Recentemente, i riflettori si sono puntati, a livello mediatico, su un disturbo del quale per troppo tempo non si è parlato: la vulvodinia. Anche grazie alle testimonianze di una nota influencer, si è ricominciato a discutere del dolore silenzioso che colpisce tantissime donne ed è stata presentata perfino una proposta di legge per riconoscerla nei Livelli Essenziali di Assistenza del Sistema Sanitario Nazionale.
Giorgia Soleri, nota influencer celebre anche per essere la fidanzata del frontman dei Maneskin, recentemente, facendo confessioni relative alla sua intimità, ha acceso i riflettori su un disturbo femminile molto spesso ignorato, ma che non è sicuramente raro: la vulvodinia. Si calcola che siano sessantamila le donne che ogni anno vengono colpite da questo dolore persistente nella sfera intima. Lo scorso 3 maggio è stata addirittura presentata alla Camera una proposta di legge per riconoscerla, insieme alla neuropatia del pudendo, ovvero una sorta di corrispettivo maschile del disturbo, nei Livelli Essenziali di Assistenza del Sistema Sanitario Nazionale. La proposta ha trovato un appoggio trasversale in Parlamento ma difficilmente verrà approvata prima della fine della legislatura. Ma almeno si incomincia a parlarne in maniera più consistente.
La vulvodinia colpisce ogni anno circa sessantamila donne nel nostro Paese ed è un disturbo che causa un dolore, o un bruciore persistente, all’ingresso della vagina e nelle zone circostanti. A volte può estendersi fino ad ano, glutei e interno cosce e manifestarsi sotto forma di fitte e scosse. La vulvodinia, nei casi più gravi, si trasforma in un dolore perenne con le quali le donne convivono.
La cosa che contraddistingue la vulvodinia è che non si contraddistingue in nessun modo: non lascia segni, arrossamenti o segnali che possono indurre ad individuarla di primo acchito. Può essere spontanea, o favorita da un contatto, come un rapporto sessuale, ma anche l’inserimento di un tampone. Sebbene possa colpire tutte le donne, dall’adolescenza alla menopausa, attecchisce maggiormente nelle donne fertili.
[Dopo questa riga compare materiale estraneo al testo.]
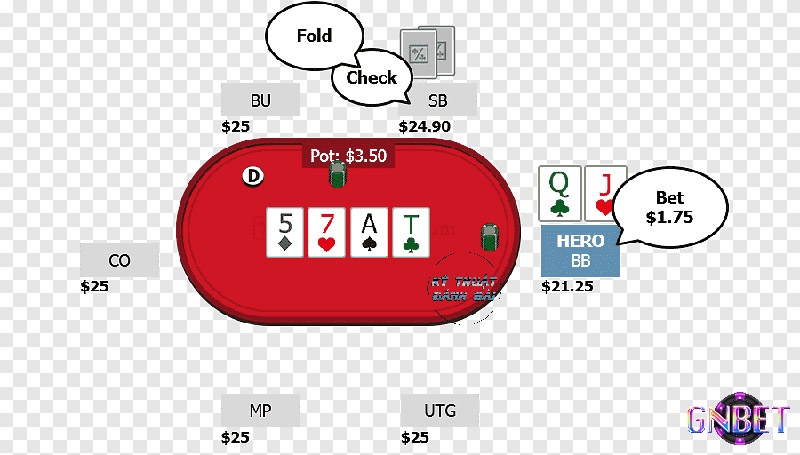 Check Raise trong Poker rất thú vị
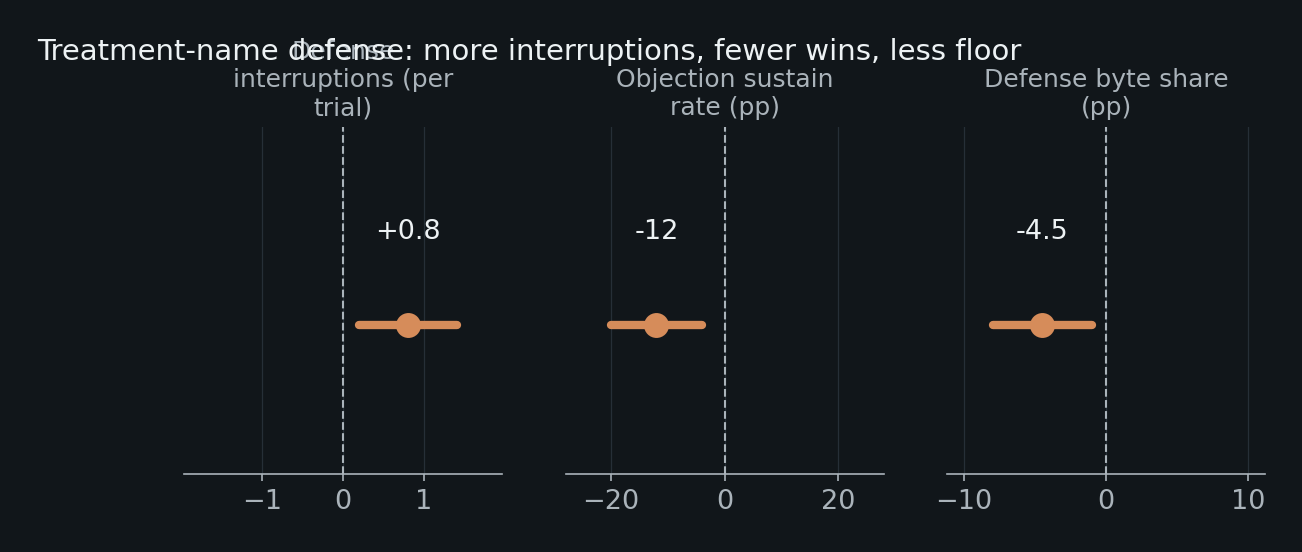 Procedural gaps with 95% confidence intervals against a zero line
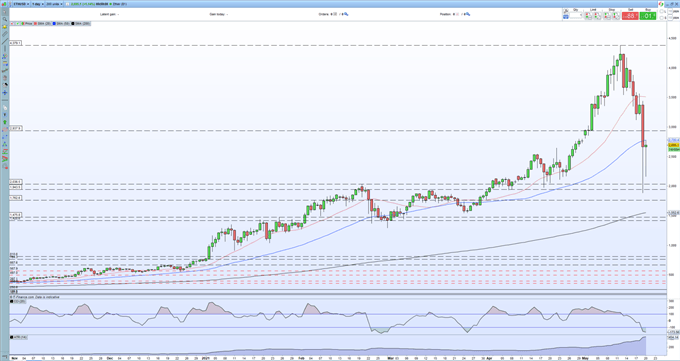 Bitcoin (BTC), Ethereum (ETH) Rally Remains Brittle, Volatility at Extreme Levels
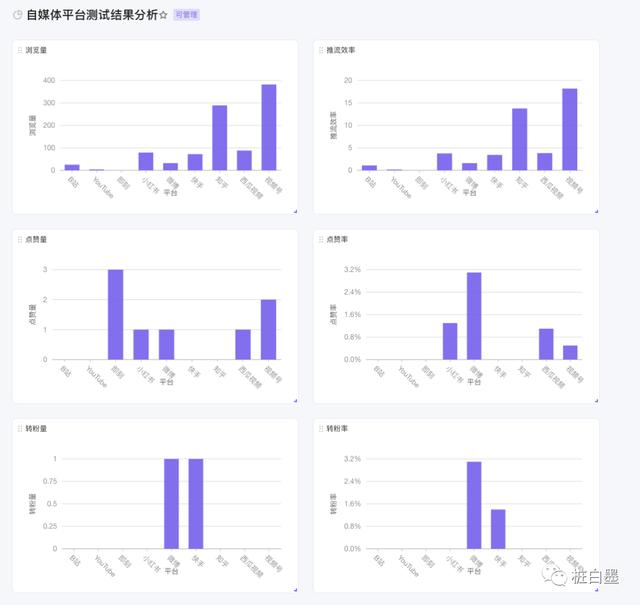 自媒体平台播放量有收益吗，自媒体播放量多少才有收益？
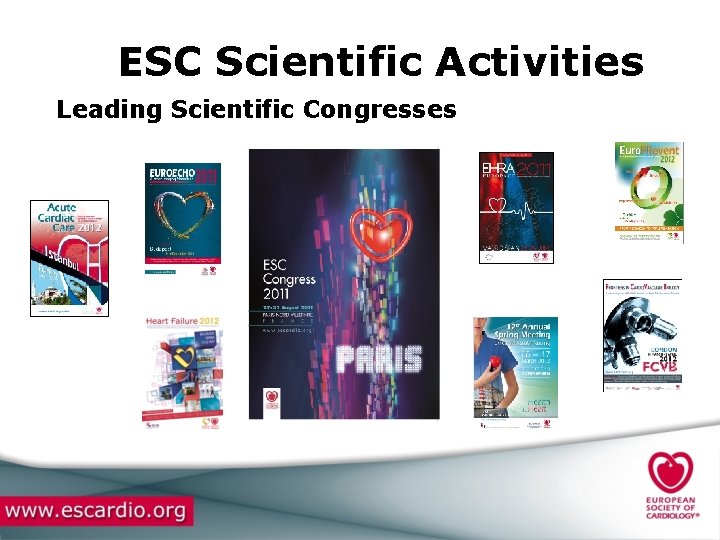 ESC Scientific Activities Leading Scientific Congresses 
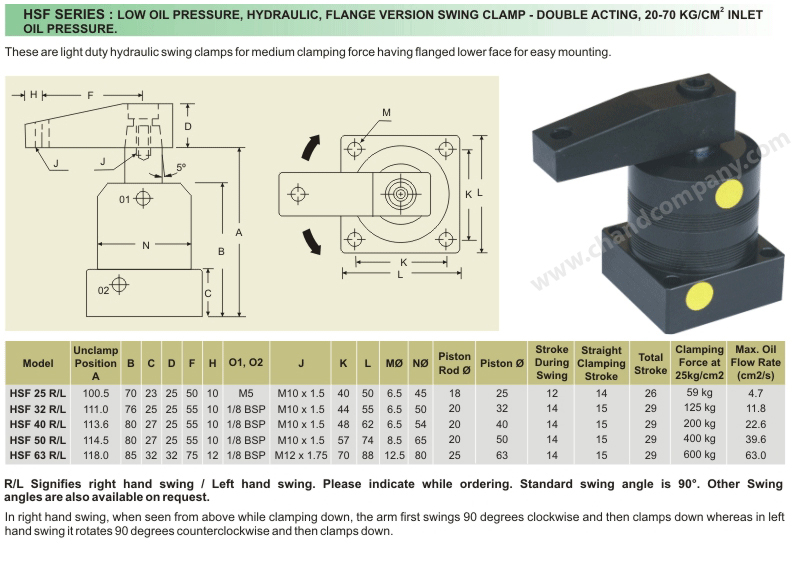 LOW OIL PRESSURE, HYDRAULIC, FLANGE VERSION SWING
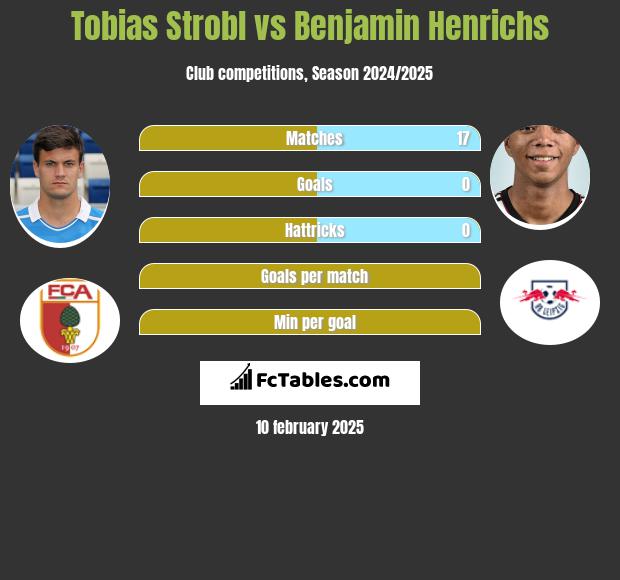 Tobias Strobl vs Benjamin Henrichs h2h player stats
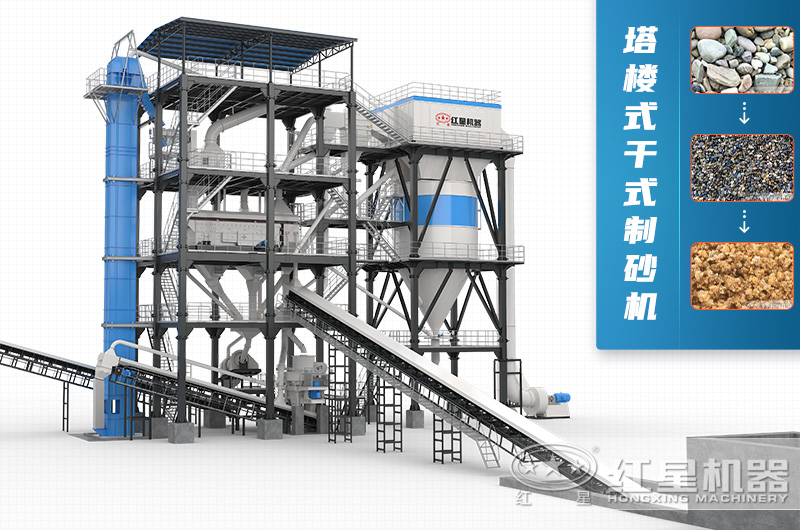 全面的更新與升級(jí)的塔樓式干式制砂機(jī)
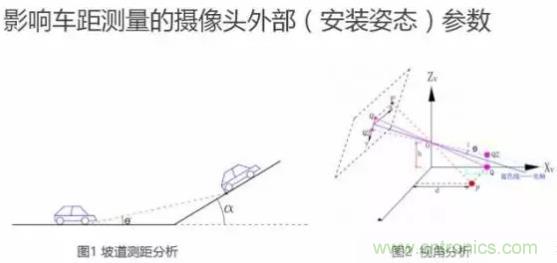 從硬件到算法，單目視覺(jué)ADAS背后有哪些技術(shù)原理及難點(diǎn)？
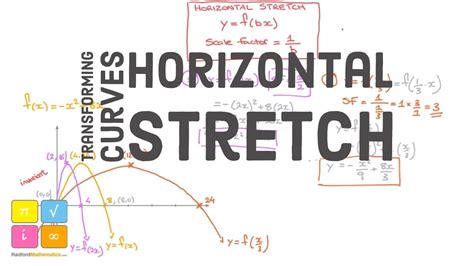 Transforming Functions Graphs Horizontal Stretch Scale Factor 1a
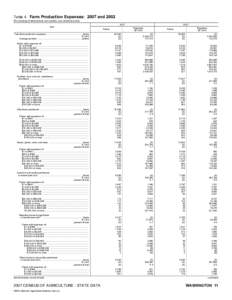 2007 Census of Agriculture New York[removed]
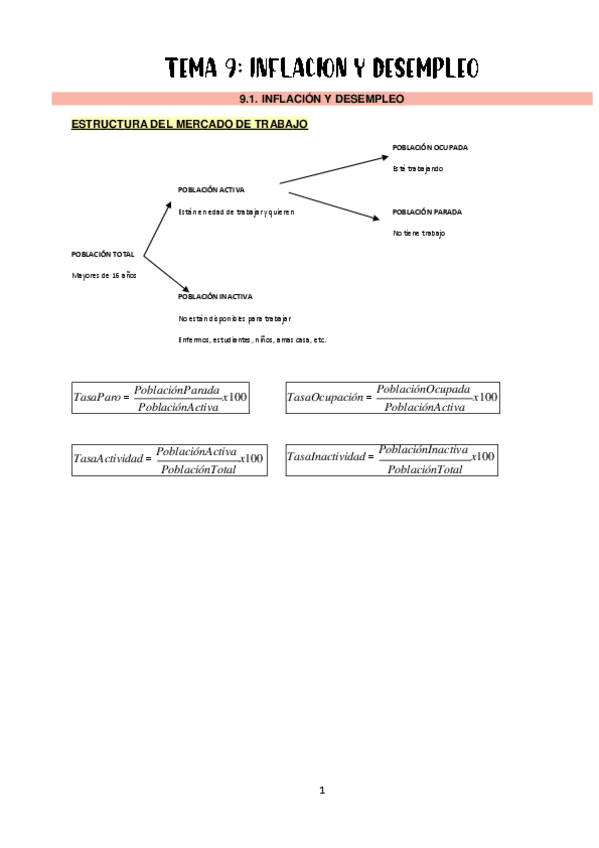 Miniatura del documento TEMA-9.pdf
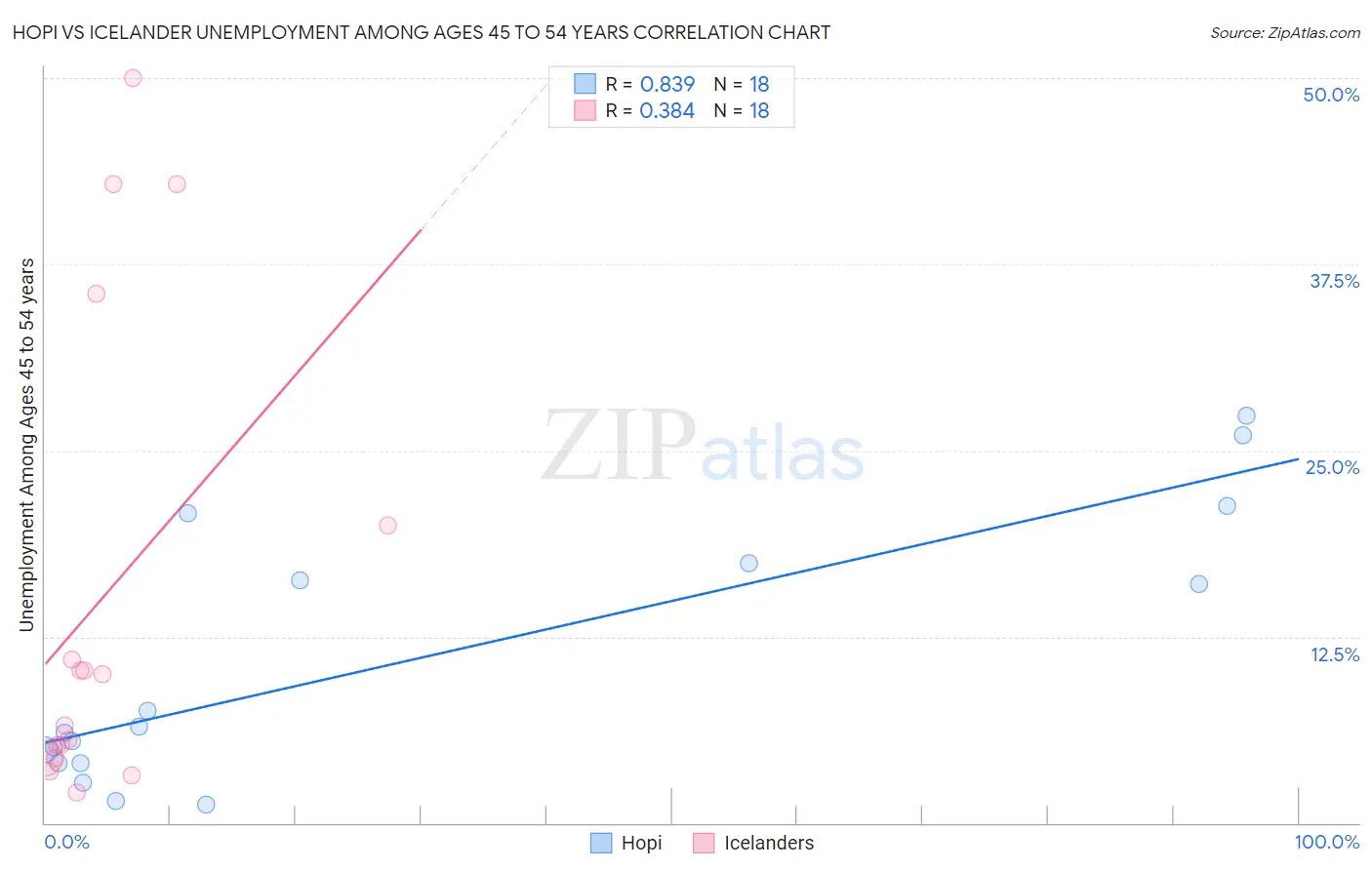 Hopi vs Icelander Unemployment Among Ages 45 to 54 years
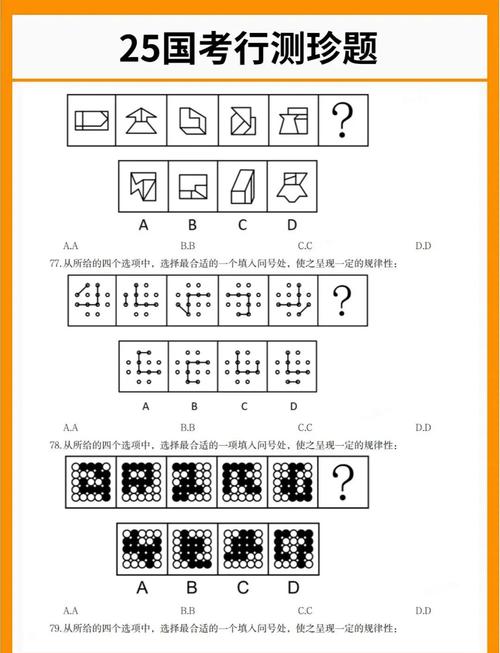 2025国考常识科技考哪些重点？-图2
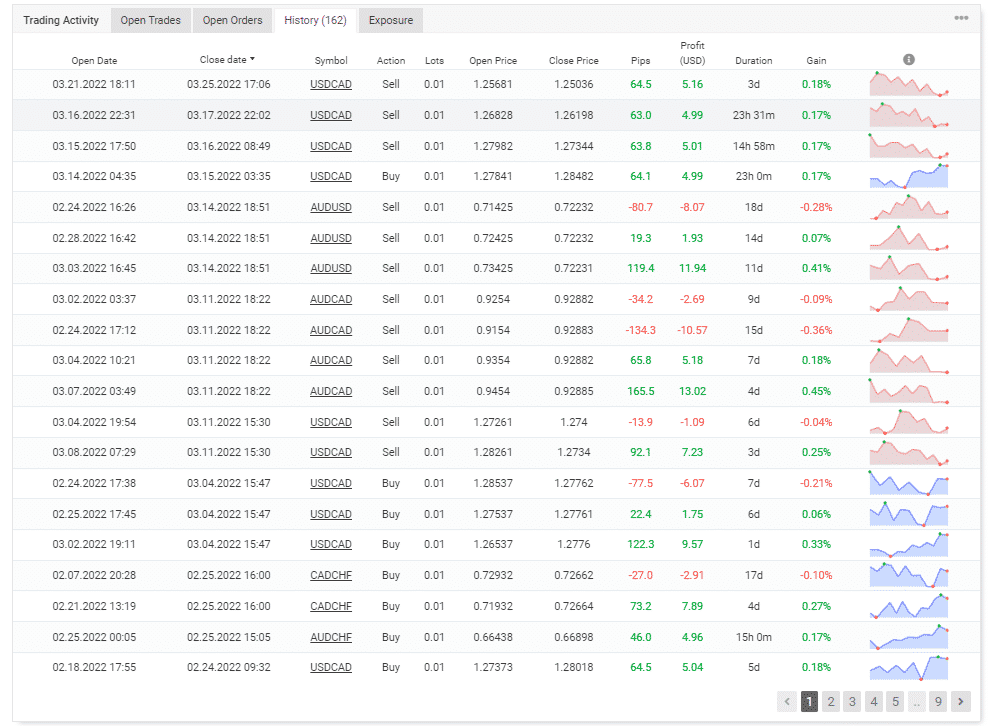 Trading history on Myfxbook.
Non si sa ancora molto sulla sua origine, che non è stata chiarita, ma si ritiene che le cause possano essere diverse. Alcune fisiologiche, come infezioni da fungo, la candida albicans, o una biopsia vulvo-vaginale. Molte donne vittime di violenza sessuale, o comunque costrette a rapporti sessuali non voluti e dolorosi, hanno sviluppato i sintomi della vulvodinia. Persino l’utilizzo di biancheria intima sintetica, indumenti troppo stretti, determinati detergenti intimi ed anche alcuni attrezzi per la pratica sportiva, sono annoverati tra le possibili cause.
Si tratta di un disturbo difficile da accertare, dal momento che la diagnosi può avvenire solo quando vengono escluse tutte le altre cause, ad esempio un’infezione, o una patologia. Spesso associata anche a casi di vaginite, ovvero il dolore durante i rapporti sessuali, di cistite, di dolori mestruali e di sindrome del colon irritabile, dei quali non fa altro che peggiorare la sintomatologia. Come risultato può quindi portare alla contrazione involontaria della muscolatura vaginale e di quella del pavimento pelvico.
Tuttavia, la vulvodinia può essere trattata, non solo per placare i sintomi, ma per farla scomparire in maniera che non rappresenti più un limite al benessere femminile. Il percorso terapeutico può avvenire mediante cure farmacologiche, ma anche per mezzo di ginnastica riabilitativa e fisioterapia per rilassare e controllare le contrazioni muscolari. In certi casi si consiglia anche un percorso di psicoterapia cognitivo comportamentale non solo per intervenire sulle cause psicofisiche, ma anche per aiutare le pazienti ad affrontare al meglio questa condizione, in modo che la loro vita sociale e il loro benessere intimo, non rimangano compromessi in maniera invalidante.